You remind that I can easily be an antisocial caterpillar instead of a social butterfly. I want to be at all the things: the festivals, the parties, the random free events I can’t even keep track of. But you’ve got me wishing for winter nights, snuggled under a blanket, watching old movies, sipping a hot toady.One day I will not be so claustrophobic (or maybe I always will—I’m okay with that, it means less B.O. in my life.)
You remind me that no matter how hard I try to rally against my disappointment with my body, how much I try to convince other people that they’re stunning creatures, I still find myself staring at the long, lean athletic woman at the pool, wishing I had her figure and seemingly unburneable skin void of tan lines. She moves through the crowd of people without hesitation while I contemplate my pale skin and a body I am dissatisfied with. One day I will stop wishing I was someone else.

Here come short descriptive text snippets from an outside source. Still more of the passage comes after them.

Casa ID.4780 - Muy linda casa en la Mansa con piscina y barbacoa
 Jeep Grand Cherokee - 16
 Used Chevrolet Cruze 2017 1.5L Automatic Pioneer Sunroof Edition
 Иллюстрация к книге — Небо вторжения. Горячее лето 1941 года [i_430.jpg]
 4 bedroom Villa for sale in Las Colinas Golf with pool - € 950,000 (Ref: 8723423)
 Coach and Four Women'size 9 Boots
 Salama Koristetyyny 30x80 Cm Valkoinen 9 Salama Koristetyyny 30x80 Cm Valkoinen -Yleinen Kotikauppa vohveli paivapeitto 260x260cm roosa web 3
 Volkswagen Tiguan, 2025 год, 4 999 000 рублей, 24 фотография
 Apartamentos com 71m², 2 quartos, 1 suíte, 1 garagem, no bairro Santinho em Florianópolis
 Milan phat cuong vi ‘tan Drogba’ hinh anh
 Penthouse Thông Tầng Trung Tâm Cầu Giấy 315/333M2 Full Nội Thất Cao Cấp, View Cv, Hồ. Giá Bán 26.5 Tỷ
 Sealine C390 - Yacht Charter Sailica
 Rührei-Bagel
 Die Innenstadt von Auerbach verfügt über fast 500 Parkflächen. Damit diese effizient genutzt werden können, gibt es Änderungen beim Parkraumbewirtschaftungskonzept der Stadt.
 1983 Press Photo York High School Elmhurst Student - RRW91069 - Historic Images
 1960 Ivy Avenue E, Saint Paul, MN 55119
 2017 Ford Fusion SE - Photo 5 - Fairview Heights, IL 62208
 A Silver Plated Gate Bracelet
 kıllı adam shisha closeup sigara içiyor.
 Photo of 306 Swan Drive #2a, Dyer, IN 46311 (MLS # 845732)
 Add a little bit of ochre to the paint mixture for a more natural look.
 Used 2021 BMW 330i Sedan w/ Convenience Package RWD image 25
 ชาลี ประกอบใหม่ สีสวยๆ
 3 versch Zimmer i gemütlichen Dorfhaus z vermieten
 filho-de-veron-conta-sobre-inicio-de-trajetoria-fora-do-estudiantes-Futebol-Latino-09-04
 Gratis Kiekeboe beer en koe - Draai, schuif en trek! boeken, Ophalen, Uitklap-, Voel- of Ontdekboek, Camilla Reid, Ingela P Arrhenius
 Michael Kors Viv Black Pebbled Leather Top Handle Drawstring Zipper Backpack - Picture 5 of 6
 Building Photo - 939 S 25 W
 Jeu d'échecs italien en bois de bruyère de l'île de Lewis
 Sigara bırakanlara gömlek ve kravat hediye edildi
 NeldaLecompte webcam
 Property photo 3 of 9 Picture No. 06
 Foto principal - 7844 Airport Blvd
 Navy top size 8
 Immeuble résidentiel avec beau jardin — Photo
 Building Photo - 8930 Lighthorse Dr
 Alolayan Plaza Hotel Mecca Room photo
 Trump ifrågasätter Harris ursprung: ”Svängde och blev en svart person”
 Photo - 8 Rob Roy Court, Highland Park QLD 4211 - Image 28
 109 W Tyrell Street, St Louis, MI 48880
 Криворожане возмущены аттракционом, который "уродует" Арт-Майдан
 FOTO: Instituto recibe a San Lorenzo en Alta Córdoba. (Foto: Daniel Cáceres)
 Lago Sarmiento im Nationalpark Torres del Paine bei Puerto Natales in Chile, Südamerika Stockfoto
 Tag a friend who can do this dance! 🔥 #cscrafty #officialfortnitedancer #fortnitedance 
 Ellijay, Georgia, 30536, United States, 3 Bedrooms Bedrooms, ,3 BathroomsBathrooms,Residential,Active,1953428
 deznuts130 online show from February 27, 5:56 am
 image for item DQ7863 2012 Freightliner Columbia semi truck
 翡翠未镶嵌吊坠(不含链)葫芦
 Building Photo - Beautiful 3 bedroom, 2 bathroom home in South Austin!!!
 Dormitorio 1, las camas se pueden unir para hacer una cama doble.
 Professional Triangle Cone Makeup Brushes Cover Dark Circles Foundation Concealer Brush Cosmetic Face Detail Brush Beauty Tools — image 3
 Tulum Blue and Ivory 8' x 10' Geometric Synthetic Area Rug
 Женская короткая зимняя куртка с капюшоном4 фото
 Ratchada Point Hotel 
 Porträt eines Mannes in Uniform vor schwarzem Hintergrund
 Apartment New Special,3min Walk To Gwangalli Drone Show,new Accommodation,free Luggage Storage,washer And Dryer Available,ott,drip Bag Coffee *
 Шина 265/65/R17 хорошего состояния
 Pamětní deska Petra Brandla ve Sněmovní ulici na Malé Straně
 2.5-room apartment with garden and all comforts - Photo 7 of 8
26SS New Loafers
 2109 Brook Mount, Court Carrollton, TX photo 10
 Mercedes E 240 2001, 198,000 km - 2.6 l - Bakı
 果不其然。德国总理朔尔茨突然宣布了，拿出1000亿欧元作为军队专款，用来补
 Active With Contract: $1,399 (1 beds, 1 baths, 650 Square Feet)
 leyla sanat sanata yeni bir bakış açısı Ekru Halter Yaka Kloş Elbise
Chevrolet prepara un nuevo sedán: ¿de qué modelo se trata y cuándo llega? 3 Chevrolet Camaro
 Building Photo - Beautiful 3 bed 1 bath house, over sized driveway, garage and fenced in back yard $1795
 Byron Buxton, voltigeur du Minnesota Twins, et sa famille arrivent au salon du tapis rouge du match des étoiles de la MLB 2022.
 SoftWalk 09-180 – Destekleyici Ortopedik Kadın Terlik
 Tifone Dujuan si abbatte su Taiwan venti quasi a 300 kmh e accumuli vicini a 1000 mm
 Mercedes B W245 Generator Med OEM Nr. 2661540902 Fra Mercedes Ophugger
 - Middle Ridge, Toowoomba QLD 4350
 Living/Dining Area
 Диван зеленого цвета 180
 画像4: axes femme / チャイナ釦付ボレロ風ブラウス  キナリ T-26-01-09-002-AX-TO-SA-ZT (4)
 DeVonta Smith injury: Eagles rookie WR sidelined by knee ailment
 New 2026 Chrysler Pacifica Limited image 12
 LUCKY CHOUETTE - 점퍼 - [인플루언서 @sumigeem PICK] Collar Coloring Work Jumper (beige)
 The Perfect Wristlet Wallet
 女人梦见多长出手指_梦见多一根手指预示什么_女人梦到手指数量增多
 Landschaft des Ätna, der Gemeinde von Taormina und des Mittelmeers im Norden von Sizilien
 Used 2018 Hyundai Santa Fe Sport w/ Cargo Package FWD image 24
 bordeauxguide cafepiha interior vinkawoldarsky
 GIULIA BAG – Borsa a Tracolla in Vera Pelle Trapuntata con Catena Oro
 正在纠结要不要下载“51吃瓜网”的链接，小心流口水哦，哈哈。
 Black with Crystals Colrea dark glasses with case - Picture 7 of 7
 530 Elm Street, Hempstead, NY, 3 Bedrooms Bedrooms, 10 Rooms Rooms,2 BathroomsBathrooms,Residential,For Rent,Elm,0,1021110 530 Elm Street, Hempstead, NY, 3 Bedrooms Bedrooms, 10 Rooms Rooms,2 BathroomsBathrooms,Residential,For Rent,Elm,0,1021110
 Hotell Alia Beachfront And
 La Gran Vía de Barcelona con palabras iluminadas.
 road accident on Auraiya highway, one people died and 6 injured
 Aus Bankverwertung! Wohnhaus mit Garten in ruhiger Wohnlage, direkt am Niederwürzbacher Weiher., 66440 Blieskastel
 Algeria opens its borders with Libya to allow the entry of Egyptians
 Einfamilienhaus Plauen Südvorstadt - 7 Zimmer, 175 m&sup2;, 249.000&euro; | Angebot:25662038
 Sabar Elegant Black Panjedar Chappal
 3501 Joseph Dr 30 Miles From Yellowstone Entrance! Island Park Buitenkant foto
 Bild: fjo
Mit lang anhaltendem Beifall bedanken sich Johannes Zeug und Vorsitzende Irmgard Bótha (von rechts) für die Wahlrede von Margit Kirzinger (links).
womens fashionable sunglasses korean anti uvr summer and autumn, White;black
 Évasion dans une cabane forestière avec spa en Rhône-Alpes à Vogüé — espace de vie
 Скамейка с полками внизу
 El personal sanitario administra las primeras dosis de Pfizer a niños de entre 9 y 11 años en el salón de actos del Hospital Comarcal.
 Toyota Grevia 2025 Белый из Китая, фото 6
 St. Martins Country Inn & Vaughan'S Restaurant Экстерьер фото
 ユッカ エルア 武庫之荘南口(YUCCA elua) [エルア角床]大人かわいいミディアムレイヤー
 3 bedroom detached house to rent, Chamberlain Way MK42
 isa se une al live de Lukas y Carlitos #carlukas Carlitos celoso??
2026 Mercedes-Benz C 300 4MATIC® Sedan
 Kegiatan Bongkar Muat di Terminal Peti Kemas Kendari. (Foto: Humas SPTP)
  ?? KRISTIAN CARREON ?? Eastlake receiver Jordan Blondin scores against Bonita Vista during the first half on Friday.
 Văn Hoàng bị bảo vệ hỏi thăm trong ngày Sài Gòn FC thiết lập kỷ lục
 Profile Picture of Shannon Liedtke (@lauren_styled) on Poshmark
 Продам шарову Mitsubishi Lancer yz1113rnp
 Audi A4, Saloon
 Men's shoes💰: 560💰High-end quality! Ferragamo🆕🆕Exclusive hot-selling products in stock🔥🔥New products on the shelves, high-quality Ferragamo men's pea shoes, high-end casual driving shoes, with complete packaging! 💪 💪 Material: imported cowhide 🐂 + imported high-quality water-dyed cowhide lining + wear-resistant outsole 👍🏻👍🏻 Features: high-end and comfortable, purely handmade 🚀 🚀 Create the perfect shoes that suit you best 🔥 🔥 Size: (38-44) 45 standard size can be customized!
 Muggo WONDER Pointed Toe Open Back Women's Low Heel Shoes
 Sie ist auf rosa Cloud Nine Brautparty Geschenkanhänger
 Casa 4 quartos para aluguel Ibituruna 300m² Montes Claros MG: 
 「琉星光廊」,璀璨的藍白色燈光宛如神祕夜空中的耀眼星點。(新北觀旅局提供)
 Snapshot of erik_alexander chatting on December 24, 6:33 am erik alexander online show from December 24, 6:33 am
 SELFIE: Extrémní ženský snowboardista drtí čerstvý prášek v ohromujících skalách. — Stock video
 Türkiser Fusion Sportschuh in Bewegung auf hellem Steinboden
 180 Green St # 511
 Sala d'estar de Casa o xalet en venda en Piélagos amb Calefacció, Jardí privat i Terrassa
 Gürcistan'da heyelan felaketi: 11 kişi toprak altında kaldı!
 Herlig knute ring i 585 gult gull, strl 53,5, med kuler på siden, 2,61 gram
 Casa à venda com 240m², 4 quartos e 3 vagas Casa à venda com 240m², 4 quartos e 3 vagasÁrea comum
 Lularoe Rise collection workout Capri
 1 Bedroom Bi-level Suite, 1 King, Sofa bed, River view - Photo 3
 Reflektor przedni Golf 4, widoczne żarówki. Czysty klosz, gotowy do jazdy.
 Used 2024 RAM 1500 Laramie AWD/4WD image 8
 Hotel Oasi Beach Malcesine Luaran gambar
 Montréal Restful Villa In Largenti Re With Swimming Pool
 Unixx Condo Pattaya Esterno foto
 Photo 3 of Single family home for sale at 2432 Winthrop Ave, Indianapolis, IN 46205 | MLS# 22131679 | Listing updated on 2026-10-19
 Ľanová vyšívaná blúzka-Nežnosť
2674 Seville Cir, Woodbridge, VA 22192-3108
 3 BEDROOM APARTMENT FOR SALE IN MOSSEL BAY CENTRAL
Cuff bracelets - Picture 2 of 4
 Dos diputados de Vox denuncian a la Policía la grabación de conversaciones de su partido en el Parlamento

You remind me that I can’t go visit my grandmother like I used to every summer after she moved away. She lived in different parts of Ontario and I saved money every year so I could buy a bus ticket to see her, one of my favourite people in the world. She taught me more she ever knew. I loved her more than she ever knew, too. Yes, it’s been 5 years since she died. And yes, she was old and it was her time and all that stuff. But still… one day I might not miss her anymore, and I hope that day never comes.
Like I said, Summer, it’s not you, it’s me.